## EXTRACTED ENTRIES
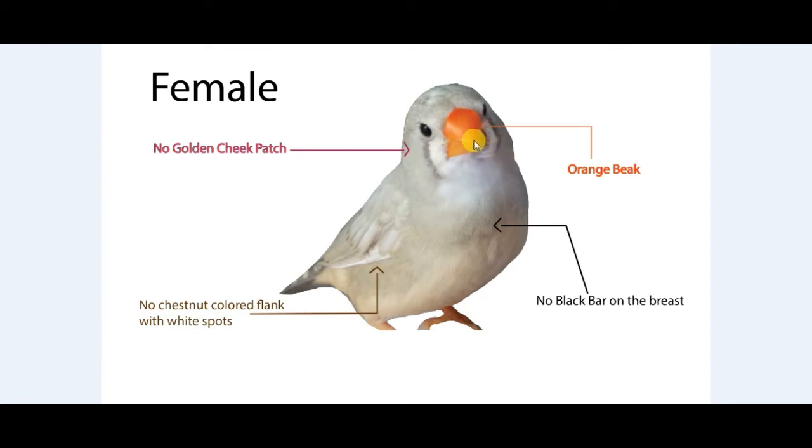Females have no orange beak, no black bar on the breast, and no chestnut colored flank with white spots.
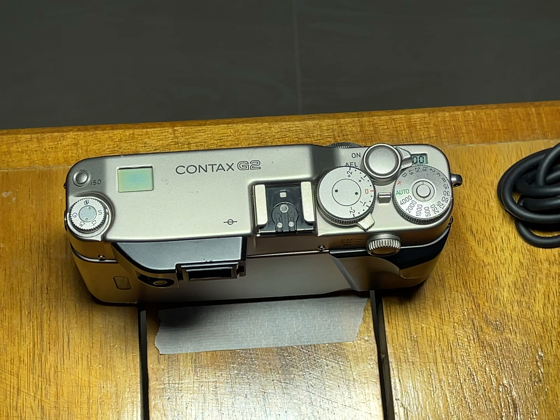This Contax G2 came to me with a complaint from the owner that it misses focus — it's focusing behind the object. I asked several questions about what exactly happened, with what lens, and asked him to measure distances at different focus distances and compare them to real distances to see how they are misaligned. We agreed that it is exactly this problem.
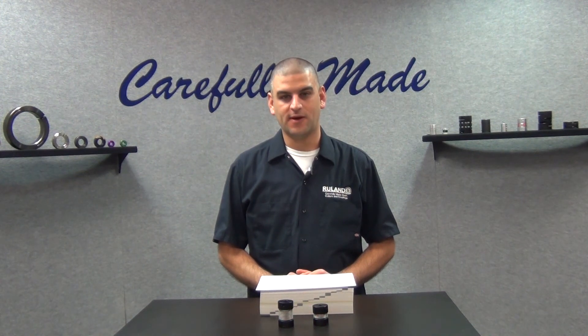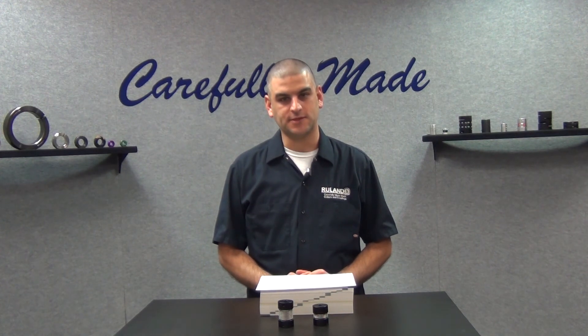Hi, I'm Chris Kumas. Welcome back to Ruland's Collar and Coupling Corner, the only weekly show that answers your shaft collar and coupling questions. This week's question comes to us from a user in San Marcos, California. They ask, why is the number of convolutions in a bellows coupling important?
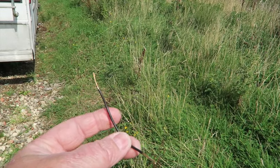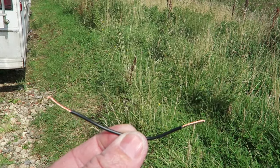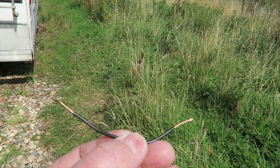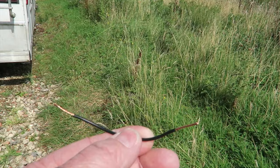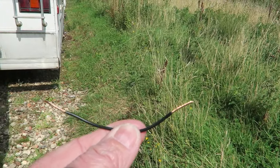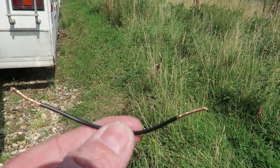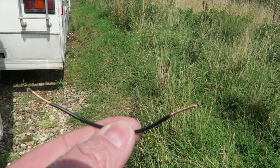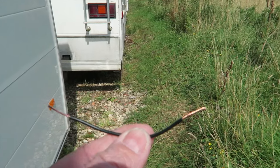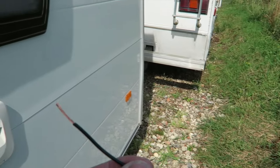The way we're going to prove whether the reed switch is working is by mimicking it using just a piece of wire. I've stripped some cable back and what we're going to do is short out that plug and pretend that this is in fact the reed switch, making the circuit. My son is going to be inside and shout out to me yes or no when the light switches on.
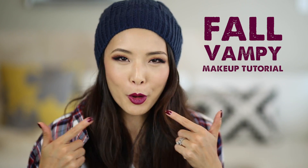Hey guys, it's Jen and today I wanted to share with you another makeup tutorial. This is kind of a fall vampy look. I am currently super obsessed with purple lips right now — it's kind of like an updated take on last year's burgundy that was so popular. I hope you guys enjoy watching. If you want to see this look, then stay tuned.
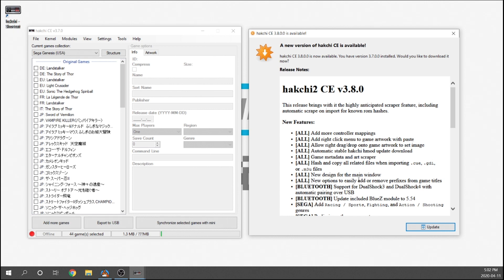Additionally, we've got a new design for the main window. I've got my screen displayed so you can actually take a look — this is what the old version 3.7 looks like, and after we do the update you'll actually be able to see the difference.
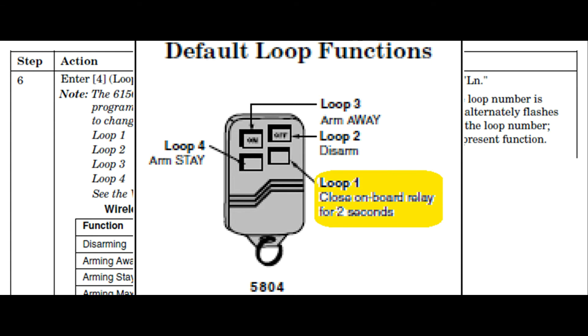Loop 1 controls the relay in your keypad — in other words, opens and closes your garage door. Loop 2 disarms the alarm. Loop 3 arms in away mode. And finally, Loop 4 arms in stay mode. I think this function is pretty cool — you can arm your house alarm without even getting out of bed.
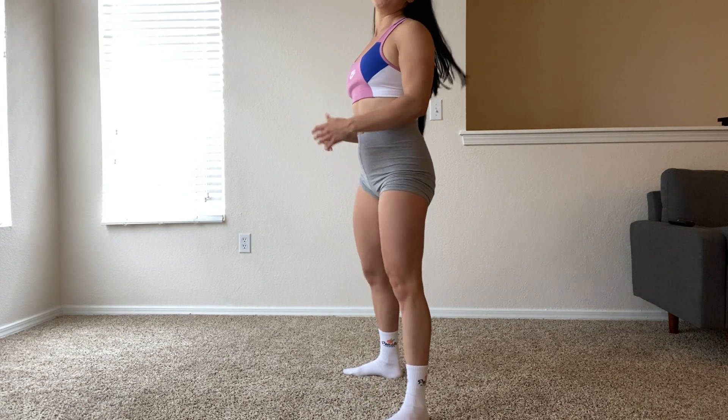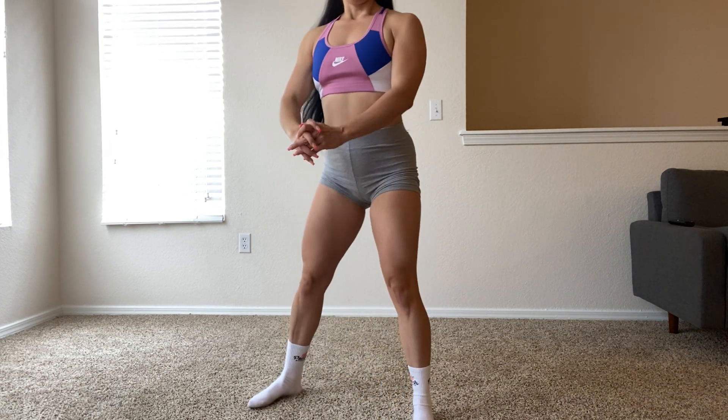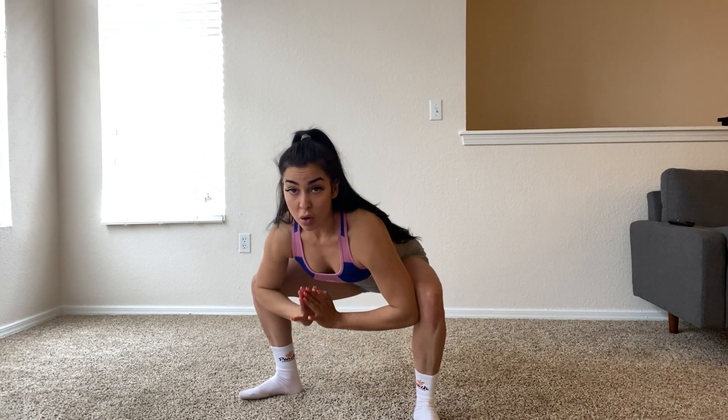And then we have our yoga squat hold for 10 seconds. So you're gonna come down. You're gonna use your elbows to open up those knees, open up the hips, and you're gonna sit there for 10 seconds as low as you can, okay?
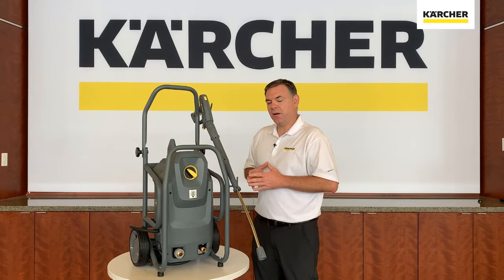If you have any questions, please contact Karcher customer service or your local area Karcher distributor for pressure washers. Until next time, keep it clean.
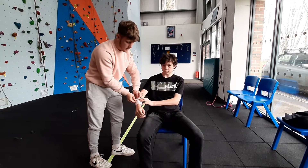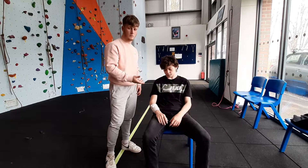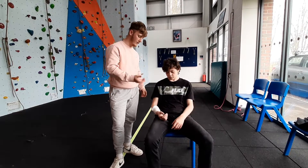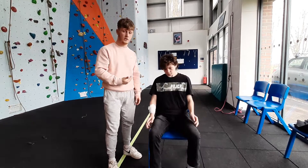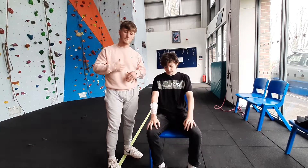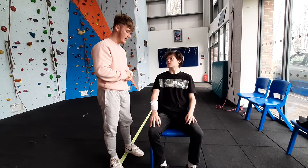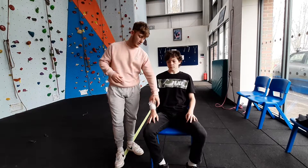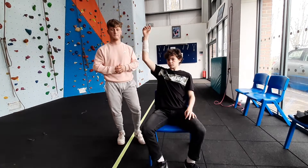Once completing the bandage, it's also key to assess the wound. If the blood is still seeping through the bandage you can apply another bandage over the top. But if the blood is still profusely coming out then you would have to take it off and restart. Another way is to also elevate the hand so the blood flow is reduced.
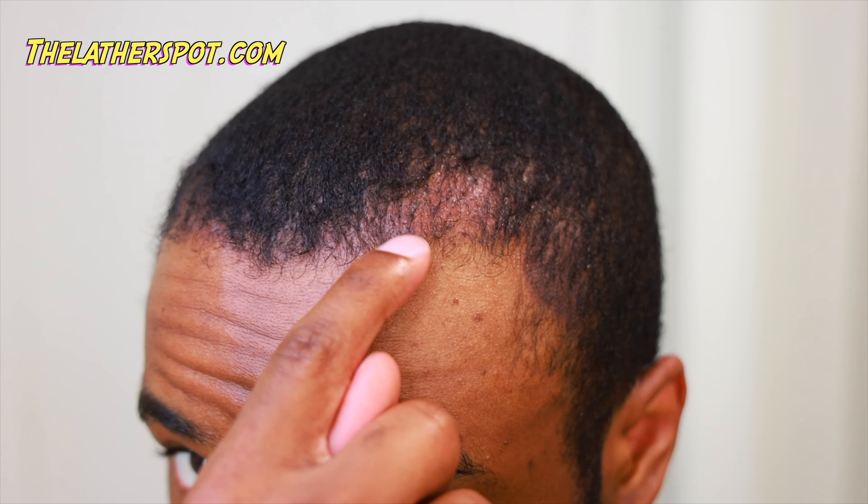14 weeks ago, we flew to Turkey and got ourselves a hair transplant. We've made it to day 47, officially growing in a full hairline.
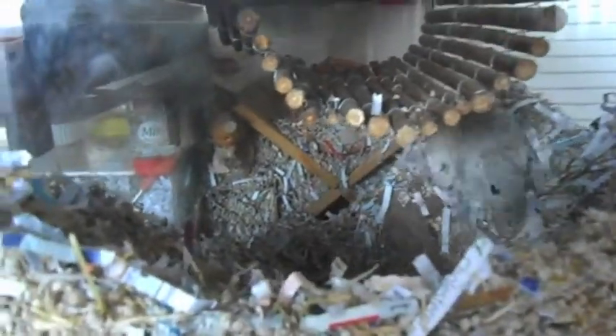Hi guys, so this video is just going to be on basic gerbil care. This is going to be a good video if you are thinking of getting gerbils and have never had them before. I'm just going to give some tips and the essentials for what you need for gerbils.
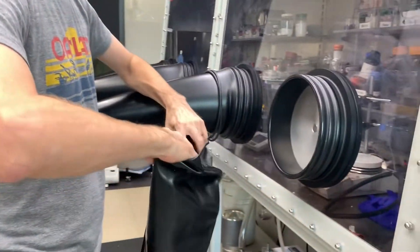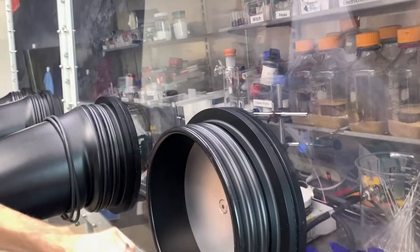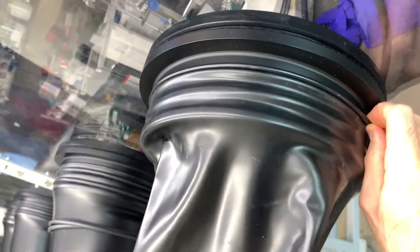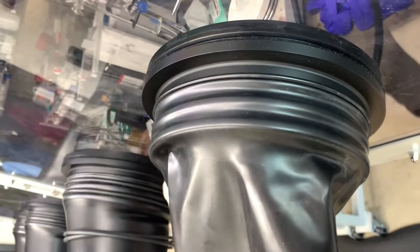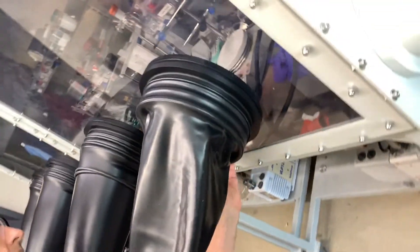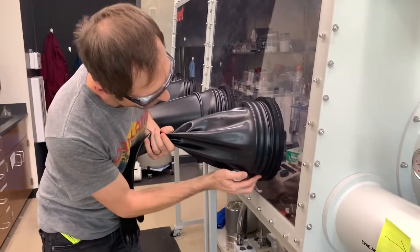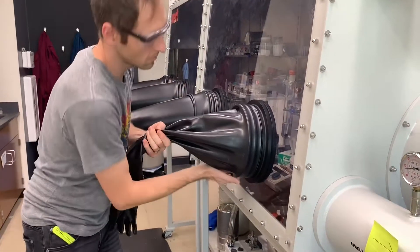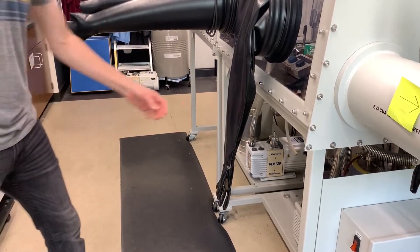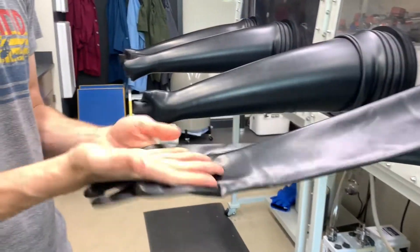Once you've got the glove you need, it's time to put it on the port and get back to business. Stretch the cuff of the glove over the port, and make sure the lip sits firmly in the small ridge that's closest to the window. Before going any further, it's worth checking that you put the glove on in the right direction. Think about how you want your hand positioned, and make sure the glove is rotated to match. You'll be pretty bummed if you realize it's on upside down or backwards.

## EXERCISE PROMPT
What is needed is an exact copy of the lines from the start of the records through the line containing "This Contax G2", with no pictures.

## EXERCISE SOLUTION
Females have no orange beak, no black bar on the breast, and no chestnut colored flank with white spots.
This Contax G2 came to me with a complaint from the owner that it misses focus — it's focusing behind the object. I asked several questions about what exactly happened, with what lens, and asked him to measure distances at different focus distances and compare them to real distances to see how they are misaligned. We agreed that it is exactly this problem.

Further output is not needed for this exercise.